Platforms have also been found to issue payments to actors engaged in illegal activities, such as terrorist or sanctioned entities, as well as to contribute funds to actors whose financing is typically subject to regulatory oversight, such as political parties, politicians and government agencies.
Brand Safety
Failures to adequately moderate monetized content and actors can also fuel brand safety concerns.
Advertisers
Advertisers can see their brand damaged through association with harmful content and publishers.
Content publishers
Creators and publishers can face similar damage to their brand if their advertising requirements are not taken into consideration and they become associated with ads or advertising entities that are detrimental to their brands.

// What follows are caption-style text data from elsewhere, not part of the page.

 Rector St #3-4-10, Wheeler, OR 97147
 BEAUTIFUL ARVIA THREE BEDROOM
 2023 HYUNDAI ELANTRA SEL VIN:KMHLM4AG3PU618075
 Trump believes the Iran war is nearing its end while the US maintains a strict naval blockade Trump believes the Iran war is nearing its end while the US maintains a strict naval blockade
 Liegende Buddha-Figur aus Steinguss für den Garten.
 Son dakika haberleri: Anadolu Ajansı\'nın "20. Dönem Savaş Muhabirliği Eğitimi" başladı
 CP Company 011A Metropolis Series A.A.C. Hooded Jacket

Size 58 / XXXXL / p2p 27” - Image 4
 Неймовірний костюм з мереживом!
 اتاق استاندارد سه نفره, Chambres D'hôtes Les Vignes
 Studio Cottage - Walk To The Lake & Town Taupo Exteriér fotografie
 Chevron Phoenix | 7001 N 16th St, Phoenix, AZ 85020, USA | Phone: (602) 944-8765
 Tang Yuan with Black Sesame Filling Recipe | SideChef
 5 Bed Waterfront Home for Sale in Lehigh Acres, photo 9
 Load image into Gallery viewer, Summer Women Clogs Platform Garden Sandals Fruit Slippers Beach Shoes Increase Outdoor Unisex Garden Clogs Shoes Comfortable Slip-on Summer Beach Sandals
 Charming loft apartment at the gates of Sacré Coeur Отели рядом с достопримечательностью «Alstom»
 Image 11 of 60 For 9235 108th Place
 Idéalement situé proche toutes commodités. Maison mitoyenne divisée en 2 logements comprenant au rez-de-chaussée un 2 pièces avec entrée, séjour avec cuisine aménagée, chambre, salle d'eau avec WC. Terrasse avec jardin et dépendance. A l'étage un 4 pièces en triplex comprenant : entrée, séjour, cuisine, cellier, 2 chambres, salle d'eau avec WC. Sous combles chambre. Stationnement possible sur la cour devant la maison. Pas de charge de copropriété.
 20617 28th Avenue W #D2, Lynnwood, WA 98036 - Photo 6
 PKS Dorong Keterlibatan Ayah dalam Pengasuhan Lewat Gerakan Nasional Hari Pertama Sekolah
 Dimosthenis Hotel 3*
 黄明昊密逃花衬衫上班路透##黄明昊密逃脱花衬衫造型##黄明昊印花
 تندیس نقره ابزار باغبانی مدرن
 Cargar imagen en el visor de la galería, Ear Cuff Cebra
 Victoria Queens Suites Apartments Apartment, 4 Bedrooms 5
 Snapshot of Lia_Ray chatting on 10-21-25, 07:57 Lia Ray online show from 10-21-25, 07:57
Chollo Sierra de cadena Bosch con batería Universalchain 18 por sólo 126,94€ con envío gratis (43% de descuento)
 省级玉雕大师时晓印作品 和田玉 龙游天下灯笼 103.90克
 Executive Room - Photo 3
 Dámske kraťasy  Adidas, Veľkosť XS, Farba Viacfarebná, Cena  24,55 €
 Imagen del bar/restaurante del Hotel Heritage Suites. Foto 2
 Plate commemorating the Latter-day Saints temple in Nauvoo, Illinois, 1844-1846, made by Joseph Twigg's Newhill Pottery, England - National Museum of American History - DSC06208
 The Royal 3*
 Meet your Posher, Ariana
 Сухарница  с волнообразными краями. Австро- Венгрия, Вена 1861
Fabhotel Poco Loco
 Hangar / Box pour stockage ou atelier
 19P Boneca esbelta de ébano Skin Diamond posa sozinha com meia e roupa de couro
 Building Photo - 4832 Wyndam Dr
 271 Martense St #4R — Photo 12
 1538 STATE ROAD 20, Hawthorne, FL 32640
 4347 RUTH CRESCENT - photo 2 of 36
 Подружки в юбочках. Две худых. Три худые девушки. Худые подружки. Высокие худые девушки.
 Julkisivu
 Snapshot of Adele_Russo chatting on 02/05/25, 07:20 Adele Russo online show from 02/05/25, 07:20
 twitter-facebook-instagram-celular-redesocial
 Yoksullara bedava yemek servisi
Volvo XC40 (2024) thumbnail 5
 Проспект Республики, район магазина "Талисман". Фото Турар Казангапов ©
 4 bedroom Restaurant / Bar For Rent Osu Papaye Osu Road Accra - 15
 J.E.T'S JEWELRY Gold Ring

Media and creator viability
Platforms’ monetization decisions can also negatively impact on media and creator viability.
Reduced Access to Revenue
By mediating access to content, platforms are diverting an ever greater share of global digital ad revenue away from publishers. Platforms currently redistribute a small percentage of that revenue – but they do so at their sole discretion and on their own terms. For media publishers and creators to be able to sustain quality content production, it’s essential that they are compensated fairly for the content they create and contribute.
Income Precarity
Media publishers and creators face heightened income precarity when their revenue depends on platform monetization decisions. This is because monetization decisions — including moves to demonetize an account or restrict a bank account — rely heavily on automated processes, which regularly make mistakes. Platforms offer limited and often slow recourse for actors who’ve been subject to mistakes, and there is no compensation for revenue lost.
Intellectual property violations
Monetization is also an important driver of copyright and trademark violations, as well as widespread use of Generative AI. This creates an additional strain on the viability of media and creators, who not only see their work stolen but also monetized by others at their expense.